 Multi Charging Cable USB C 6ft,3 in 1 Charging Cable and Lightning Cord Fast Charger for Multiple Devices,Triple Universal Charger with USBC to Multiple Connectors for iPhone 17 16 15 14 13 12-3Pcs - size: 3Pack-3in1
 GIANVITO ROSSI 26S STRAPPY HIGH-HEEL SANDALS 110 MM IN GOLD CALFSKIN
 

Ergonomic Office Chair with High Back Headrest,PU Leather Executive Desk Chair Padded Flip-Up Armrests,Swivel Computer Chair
*****
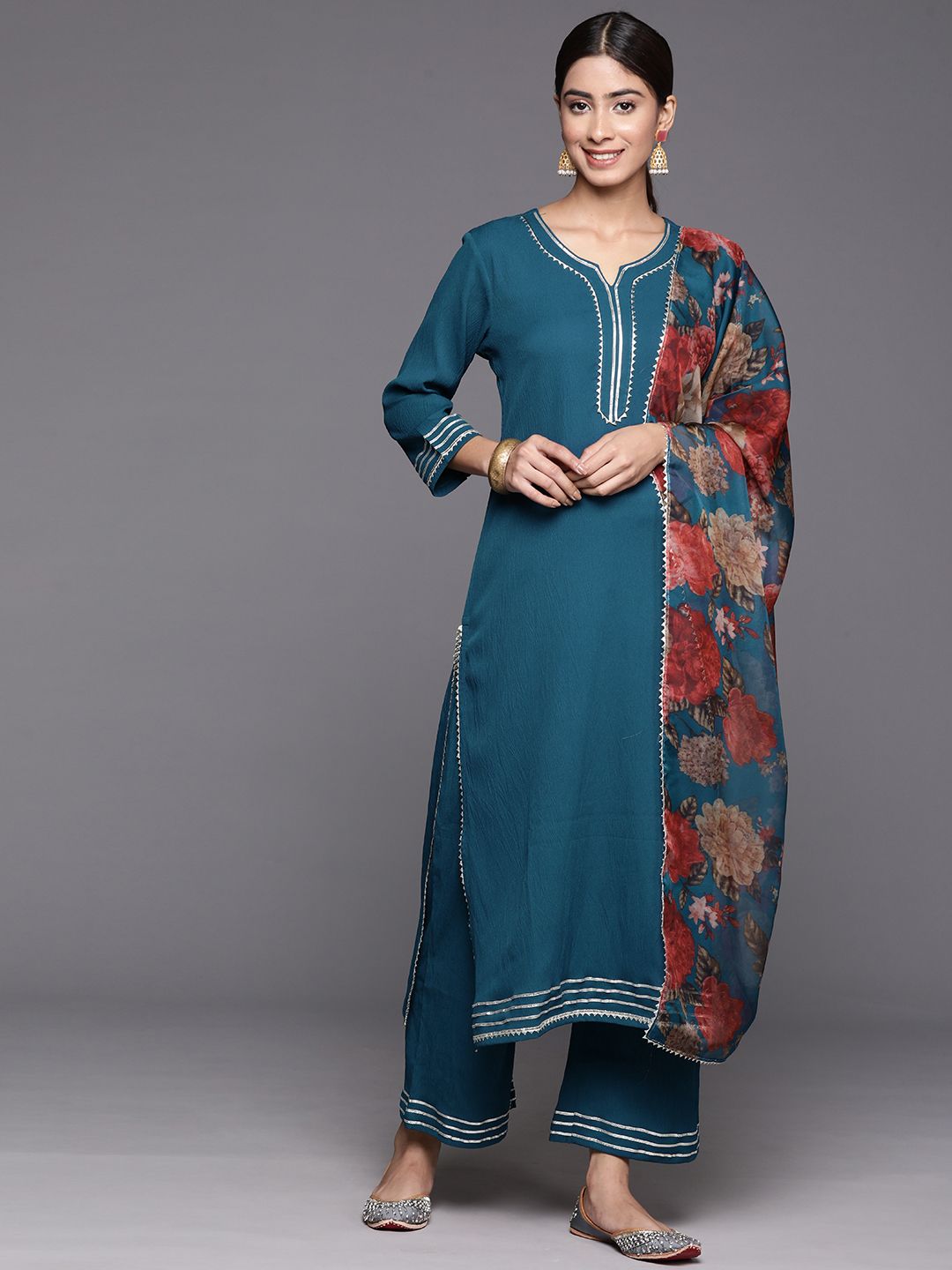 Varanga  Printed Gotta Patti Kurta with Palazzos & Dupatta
*****
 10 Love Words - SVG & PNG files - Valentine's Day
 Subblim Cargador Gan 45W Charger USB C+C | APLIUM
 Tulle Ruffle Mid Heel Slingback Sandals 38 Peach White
*****
• **TASK**:
Of the lines above, output exactly those from the line bearing "Multi Charging Cable" through the line bearing "GIANVITO ROSSI 26S", inclusive.

• **SOLUTION TO THIS TASK**:
 Multi Charging Cable USB C 6ft,3 in 1 Charging Cable and Lightning Cord Fast Charger for Multiple Devices,Triple Universal Charger with USBC to Multiple Connectors for iPhone 17 16 15 14 13 12-3Pcs - size: 3Pack-3in1
 GIANVITO ROSSI 26S STRAPPY HIGH-HEEL SANDALS 110 MM IN GOLD CALFSKIN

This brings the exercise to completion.